Harron Katie, Goldstein Harvey, Wade Angie, Muller-Pebody Berit, Parslow Roger, Gilbert Ruth
Institute of Child Health, University College London, London, United Kingdom.
Institute of Child Health, University College London, London, United Kingdom ; Graduate School of Education, University of Bristol, Bristol, United Kingdom.
PLoS One. 2013 Dec 20;8(12):e85278. doi: 10.1371/journal.pone.0085278. eCollection 2013.
Linkage of risk-factor data for blood-stream infection (BSI) in paediatric intensive care (PICU) with bacteraemia surveillance data to monitor risk-adjusted infection rates in PICU is complicated by a lack of unique identifiers and under-ascertainment in the national surveillance system.
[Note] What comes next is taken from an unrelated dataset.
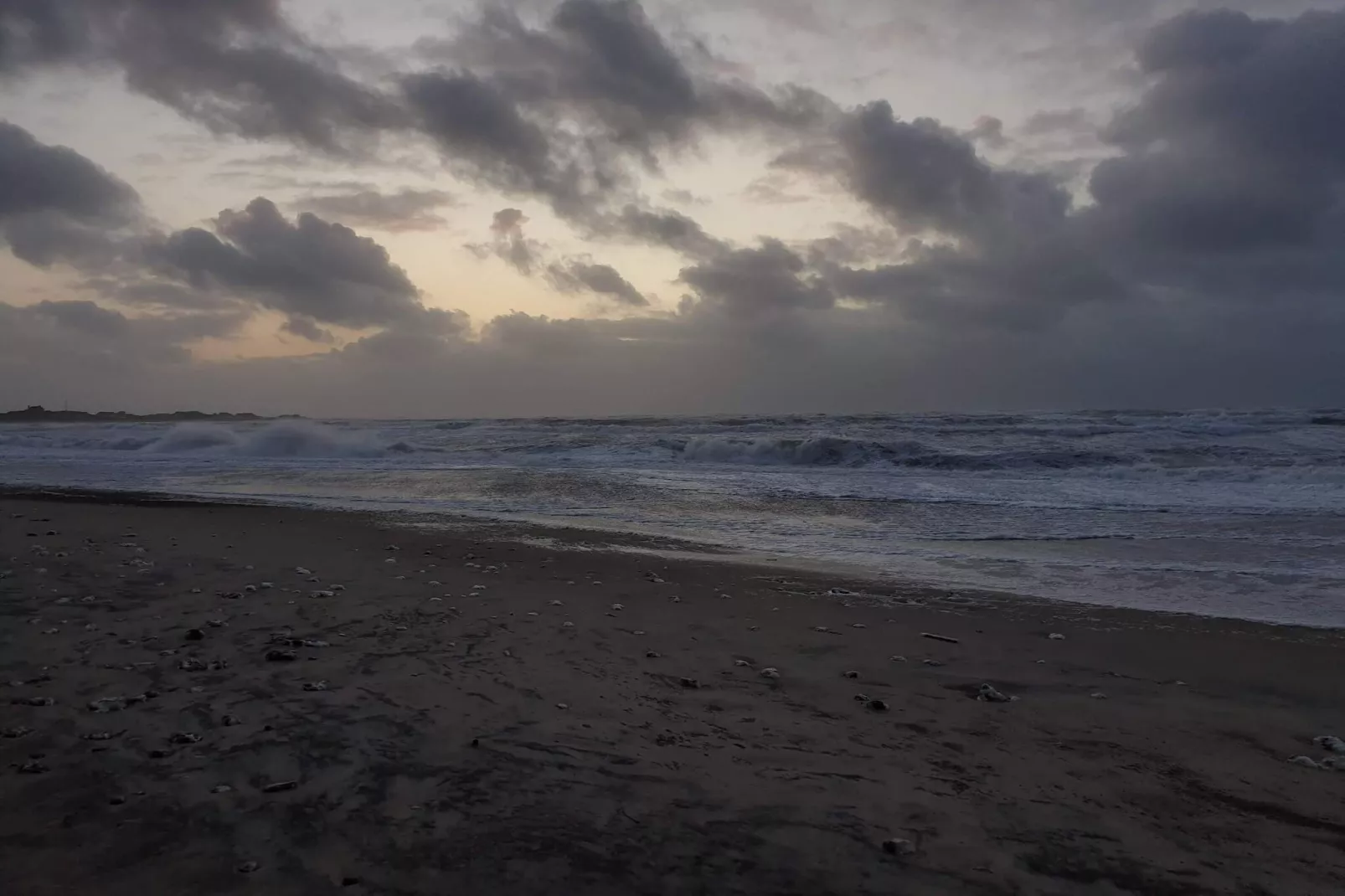 6 person holiday home in Thisted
We linked, evaluated and performed preliminary analyses on these data to provide a practical guide on the steps required to handle linkage of such complex data sources.
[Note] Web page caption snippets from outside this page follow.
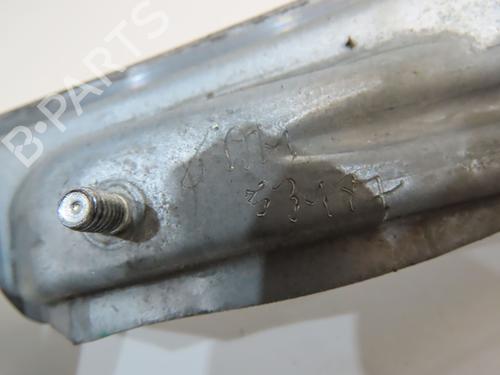 Rear left window mechanism RENAULT MODUS / GRAND MODUS (F/JP0_) 1.5 dCi 90 | BP31030246C24 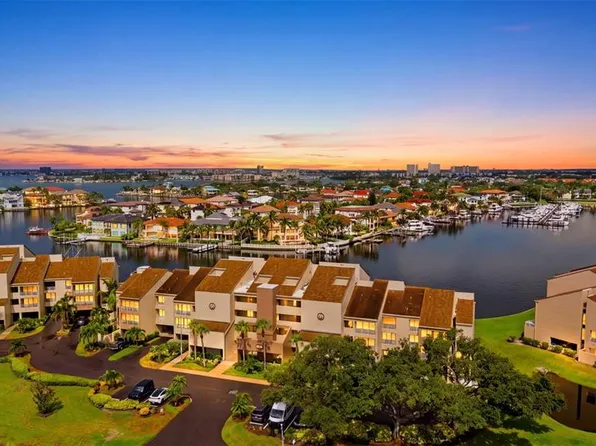 2775 KIPPS COLONY DRIVE S #305, GULFPORT, FL 33707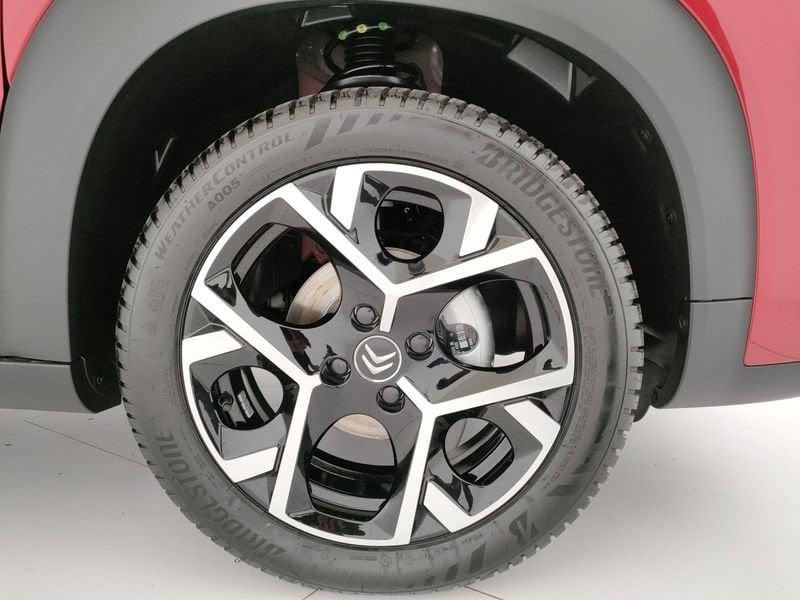 Citroën C3 Aircross C3 Aircross PureTech 110 S&S Shine Pack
Data on PICU admissions in England and Wales for 2003-2010 were extracted from the Paediatric Intensive Care Audit Network. Records of all positive isolates from blood cultures taken for children <16 years and captured by the national voluntary laboratory surveillance system for 2003-2010 were extracted from the Public Health England database, LabBase2. "Gold-standard" datasets with unique identifiers were obtained directly from three laboratories, containing microbiology reports that were eligible for submission to LabBase2 (defined as "clinically significant" by laboratory microbiologists). Reports in the gold-standard datasets were compared to those in LabBase2 to estimate ascertainment in LabBase2. Linkage evaluated by comparing results from two classification methods (highest-weight classification of match weights and prior-informed imputation using match probabilities) with linked records in the gold-standard data. BSI rate was estimated as the proportion of admissions associated with at least one BSI.
Reporting gaps were identified in 548/2596 lab-months of LabBase2. Ascertainment of clinically significant BSI in the remaining months was approximately 80-95%. Prior-informed imputation provided the least biased estimate of BSI rate (5.8% of admissions). Adjusting for ascertainment, the estimated BSI rate was 6.1-7.3%.
Linkage of PICU admission data with national BSI surveillance provides the opportunity for enhanced surveillance but analyses based on these data need to take account of biases due to ascertainment and linkage error. This study provides a generalisable guide for linkage, evaluation and analysis of complex electronic healthcare data.
由于缺乏唯一标识符以及国家监测系统中的报告不完整,将儿科重症监护病房(PICU)中血流感染(BSI)的危险因素数据与菌血症监测数据相链接,以监测PICU中风险调整后的感染率变得复杂。我们对这些数据进行了链接、评估和初步分析,以提供一份关于处理此类复杂数据源链接所需步骤的实用指南。
从儿科重症监护审计网络中提取了2003 - 2010年英格兰和威尔士PICU入院的数据。从英国公共卫生数据库LabBase2中提取了2003 - 2010年全国自愿实验室监测系统捕获的所有<16岁儿童血培养阳性分离株的记录。具有唯一标识符的“金标准”数据集直接从三个实验室获得,其中包含有资格提交到LabBase2的微生物学报告(被实验室微生物学家定义为“具有临床意义”)。将金标准数据集中的报告与LabBase2中的报告进行比较,以估计LabBase2中的报告完整性。通过将两种分类方法(匹配权重的最高权重分类和使用匹配概率的先验信息插补)的结果与金标准数据中的链接记录进行比较来评估链接情况。BSI率估计为与至少一次BSI相关的入院比例。
在LabBase2的548/2596个实验室月中发现了报告缺口。其余月份中具有临床意义的BSI报告完整性约为80 - 95%。先验信息插补提供的BSI率估计偏差最小(入院的5.8%)。调整报告完整性后,估计的BSI率为6.1 - 7.3%。
PICU入院数据与国家BSI监测的链接为加强监测提供了机会,但基于这些数据的分析需要考虑报告不完整和链接错误导致的偏差。本研究为复杂电子医疗数据的链接、评估和分析提供了可推广的指南。